Chyba im nie powiem, że sam mam z tym problem i chodzę na spotkania uzależnionych.
Dodaj anonimowe wyznanie
Przy tego typu poglądzie rodziców nie dziwię się Twojemu problemowi.
Sugerujesz że ogląda brzydkie filmy i szarpie wajhę przez rodziców?
@Dragomir
Jeśli uważają, że to normalna sprawa, to znaczy, że najprawdopodobniej mają podobny problem, a dziecię odziedziczyło/podświadomie nauczyło się.

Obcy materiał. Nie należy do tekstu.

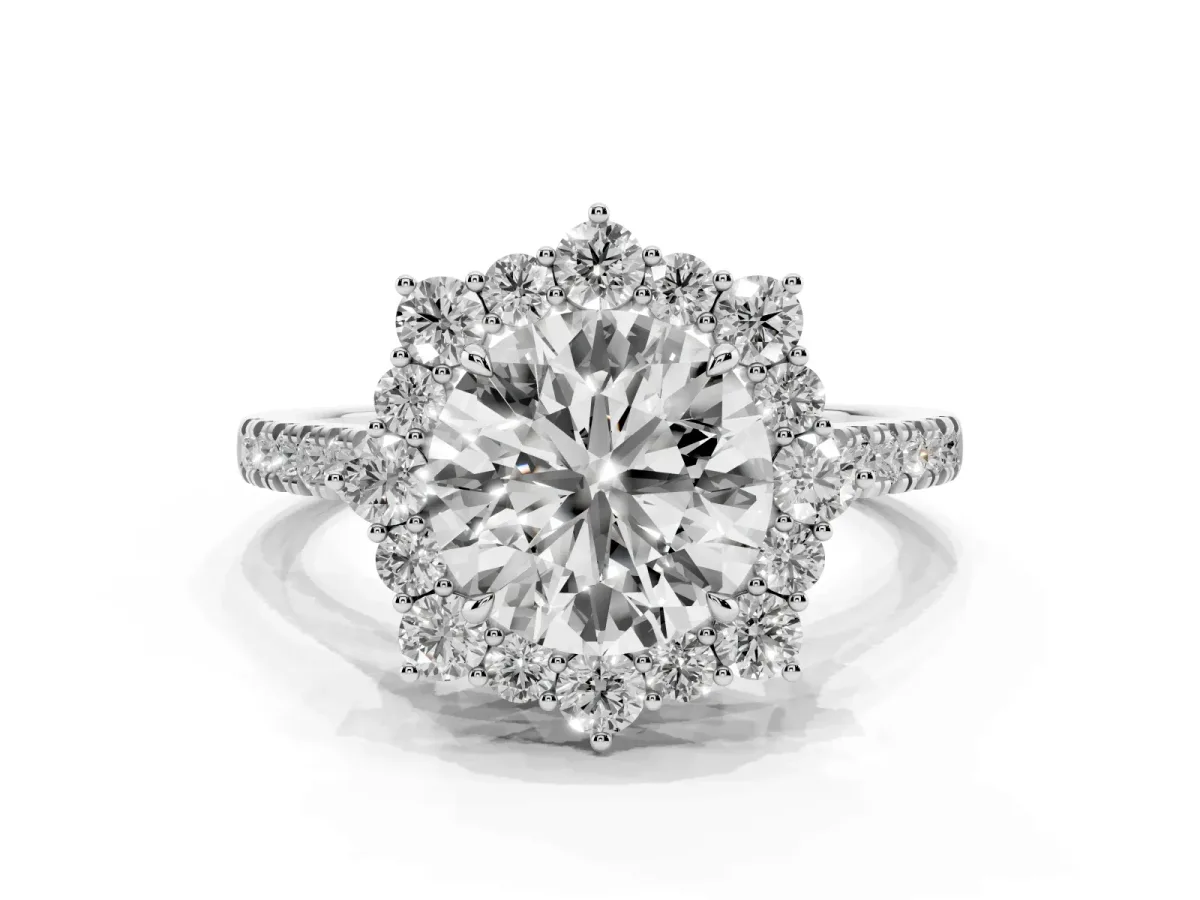 Round Cut Halo Diamond Ring with Pavé Band and Prong Setting Silver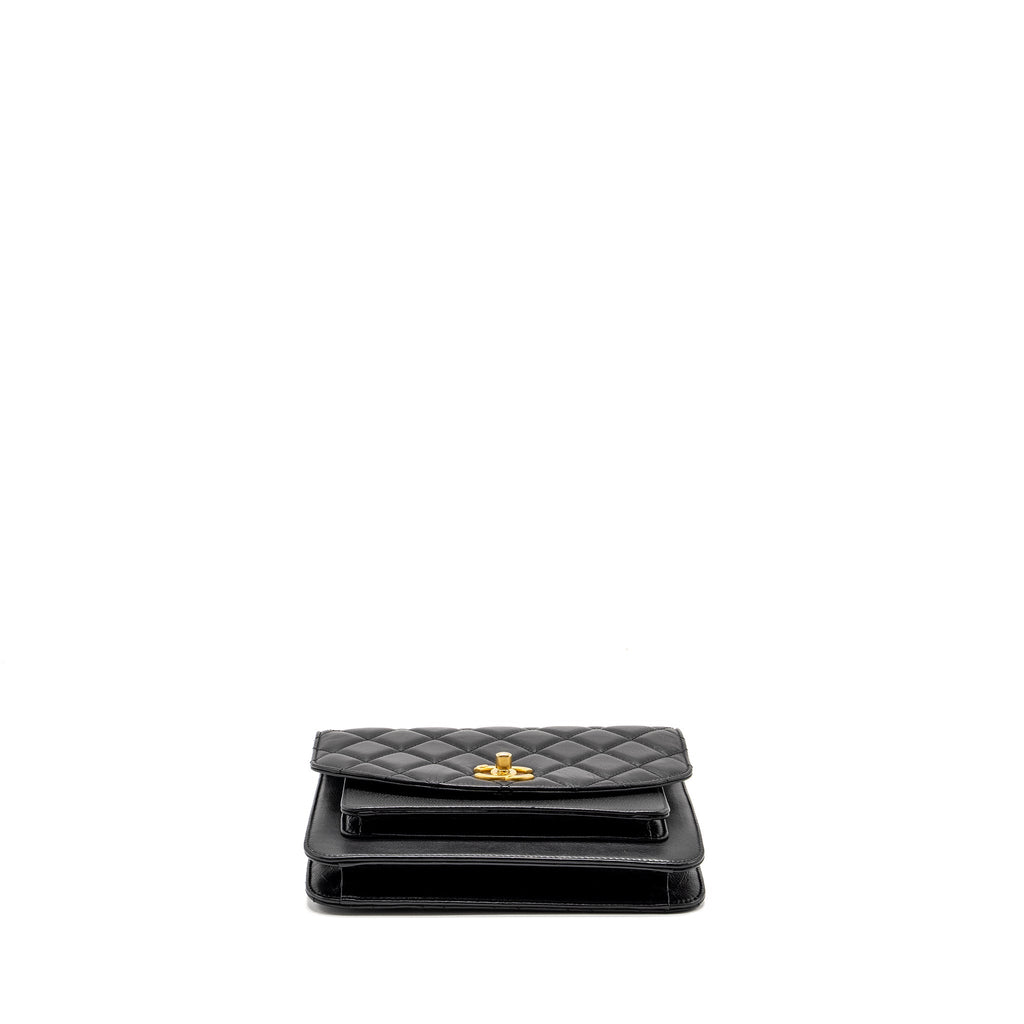 CHANEL QUILTED FLAP BAG CALFSKIN/CAVIAR BLACK GHW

Nadal nie ma to dla mnie związku. Jak rodzice oddają się takim praktykom, to raczej nie na oczach autora. Poza tym wydaje mi się, że nie przesadzają w tym, dlatego nie wiedzą że może to być nałogiem, bo w ich głowach nałóg = picie, palenie, może dopuszczają też hazard czy coś. Więc nie wiem jak autor miałby od nich podświadomie się tego nauczyć. A poglądy też nie są raczej genetyczne, poza tym autor widzi że ma problem, a rodzice raczej traktują to jako wymysły a nie realny problem.

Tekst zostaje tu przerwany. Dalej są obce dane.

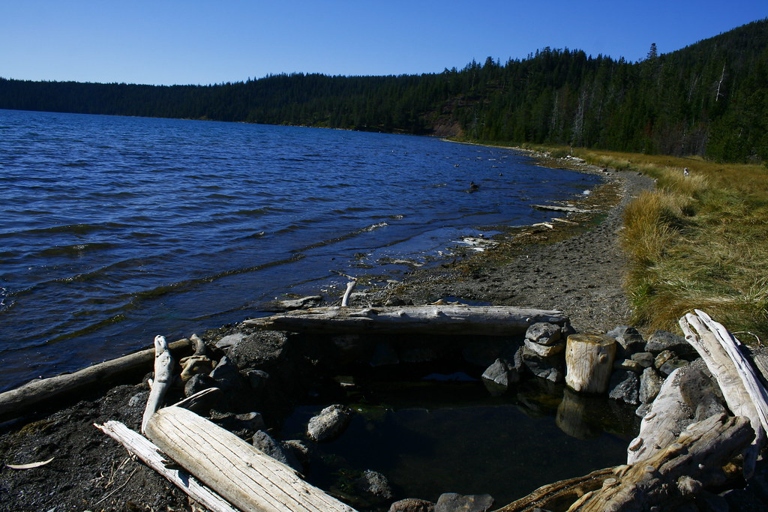 Paulina Lake Hot Springs is a great place to relax and enjoy the natural beauty of Oregon.
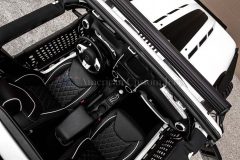 blck and white interior with white stiching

Napisał, że uważają „że to normalna sprawa”. Czyli mogą mieć problem z przeseksualizowaniem przy czym wcale nie muszą uprawiać seksu czy się masturbować na oczach dziecka, wystarczy życie seksem, skojarzenia, żarciki, schowane gazetki taty tak dalej żeby dziecko w takiej atmosferze samo w końcu przedwcześnie zaczęło interesować się seksem.
Jak się można uzależnić od pornografi i masturbacji? Nieco podzielam zdanie rodziców, samemu mi się zdarzało kiedyś kilka razy dziennie, teraz mam rodzinę i zdarza się mimo wszystko "czasem" i co? są jakieś efekty uboczne? no chyba, że ktoś wali gruchę przy ludziach albo w pracy pod biurkiem...
Na przykład jeśli osobiście uważasz, że „spuszczanie ciśnienia” jest Ci konieczne do życia to mam dla Ciebie złą wiadomość (jesteś uzależniony).